Tim Hardaway, Jr., a 6-6 guard from Miami, Fla., completes perhaps the best backcourt in the country. He averages 14.9 ppg and 4.6 rebounds a game with 76 assists to 66 turnovers.

“I don’t think we have any edge going into this game,” Hardaway Jr. told ESPN radio in comments printed in the Detroit Free Press. “Both teams are similar, both have bigs that have great motors, they’ve got guards, wings that are capable of having any type of game when you’re playing against them. I don’t think (anyone) has an edge. You’ve got to do what you’re doing and keep on having fun, like we’re doing.”

Wolverines rugged foe: KU coach Self’s early take on Michigan, a team that went 12-6 in the Big 10. Michigan beat South Dakota State (71-56) and VCU (78-53) in second- and third-round tourney games.

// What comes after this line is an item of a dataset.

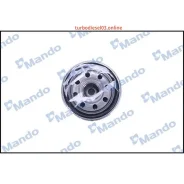 ������ �������� Mando MMF040145 MMF040145 ����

“In order to cut down the nets, we’ve got to prepare for another two-game tournament,” Self said. “We’re playing a team that demolished an unbelievable basketball team (VCU). When Michigan plays well, they are definitely a top five team in the country. We’ve got our work cut out.”

He wasn’t crying: The Springfield News-Leader pointed out that the North Carolina fan who was shown cringing on TV after a vicious blocked shot by Jeff Withey was Chase Allen, son of Missouri State football coach Terry Allen.

Terry Allen, a former KU head football coach, and his family members are Carolina basketball fans. Allen is a close friend of UNC coach Roy Williams..

The paper, by the way, pointed out that Chase Allen was not crying as suggested by some.

South Regional info: KU’s shootaround, which is open to the public, will run from 2:10 to 3 p.m. Thursday in Cowboys Stadium in Arlington, Texas.